__Your assignment__. Go to the line containing "Jennifer Lopez photo 17 of 3409" in the records below. Repeat it and the lines after it exactly, all the way to the end.

============

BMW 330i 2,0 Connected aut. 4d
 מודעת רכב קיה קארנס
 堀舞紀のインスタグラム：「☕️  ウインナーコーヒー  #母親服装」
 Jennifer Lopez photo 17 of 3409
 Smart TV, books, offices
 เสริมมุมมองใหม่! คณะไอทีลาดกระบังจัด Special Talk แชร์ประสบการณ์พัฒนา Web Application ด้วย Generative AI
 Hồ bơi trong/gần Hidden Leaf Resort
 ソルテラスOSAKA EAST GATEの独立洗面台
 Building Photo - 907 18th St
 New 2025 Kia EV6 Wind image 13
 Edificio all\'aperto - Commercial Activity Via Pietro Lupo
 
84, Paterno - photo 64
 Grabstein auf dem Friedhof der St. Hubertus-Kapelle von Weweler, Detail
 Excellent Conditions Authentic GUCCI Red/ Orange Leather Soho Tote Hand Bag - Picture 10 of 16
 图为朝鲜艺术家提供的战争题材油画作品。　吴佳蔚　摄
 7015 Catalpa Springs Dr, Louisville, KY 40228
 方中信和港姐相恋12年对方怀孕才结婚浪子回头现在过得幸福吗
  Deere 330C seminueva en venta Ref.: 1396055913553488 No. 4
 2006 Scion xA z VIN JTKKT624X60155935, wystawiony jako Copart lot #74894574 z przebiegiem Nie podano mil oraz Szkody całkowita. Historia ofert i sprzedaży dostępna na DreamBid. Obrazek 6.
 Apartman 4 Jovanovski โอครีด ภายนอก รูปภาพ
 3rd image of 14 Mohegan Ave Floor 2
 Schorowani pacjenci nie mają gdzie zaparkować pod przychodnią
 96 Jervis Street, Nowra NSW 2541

============

__Task answer__.
 Jennifer Lopez photo 17 of 3409
 Smart TV, books, offices
 เสริมมุมมองใหม่! คณะไอทีลาดกระบังจัด Special Talk แชร์ประสบการณ์พัฒนา Web Application ด้วย Generative AI
 Hồ bơi trong/gần Hidden Leaf Resort
 ソルテラスOSAKA EAST GATEの独立洗面台
 Building Photo - 907 18th St
 New 2025 Kia EV6 Wind image 13
 Edificio all\'aperto - Commercial Activity Via Pietro Lupo
 
84, Paterno - photo 64
 Grabstein auf dem Friedhof der St. Hubertus-Kapelle von Weweler, Detail
 Excellent Conditions Authentic GUCCI Red/ Orange Leather Soho Tote Hand Bag - Picture 10 of 16
 图为朝鲜艺术家提供的战争题材油画作品。　吴佳蔚　摄
 7015 Catalpa Springs Dr, Louisville, KY 40228
 方中信和港姐相恋12年对方怀孕才结婚浪子回头现在过得幸福吗
  Deere 330C seminueva en venta Ref.: 1396055913553488 No. 4
 2006 Scion xA z VIN JTKKT624X60155935, wystawiony jako Copart lot #74894574 z przebiegiem Nie podano mil oraz Szkody całkowita. Historia ofert i sprzedaży dostępna na DreamBid. Obrazek 6.
 Apartman 4 Jovanovski โอครีด ภายนอก รูปภาพ
 3rd image of 14 Mohegan Ave Floor 2
 Schorowani pacjenci nie mają gdzie zaparkować pod przychodnią
 96 Jervis Street, Nowra NSW 2541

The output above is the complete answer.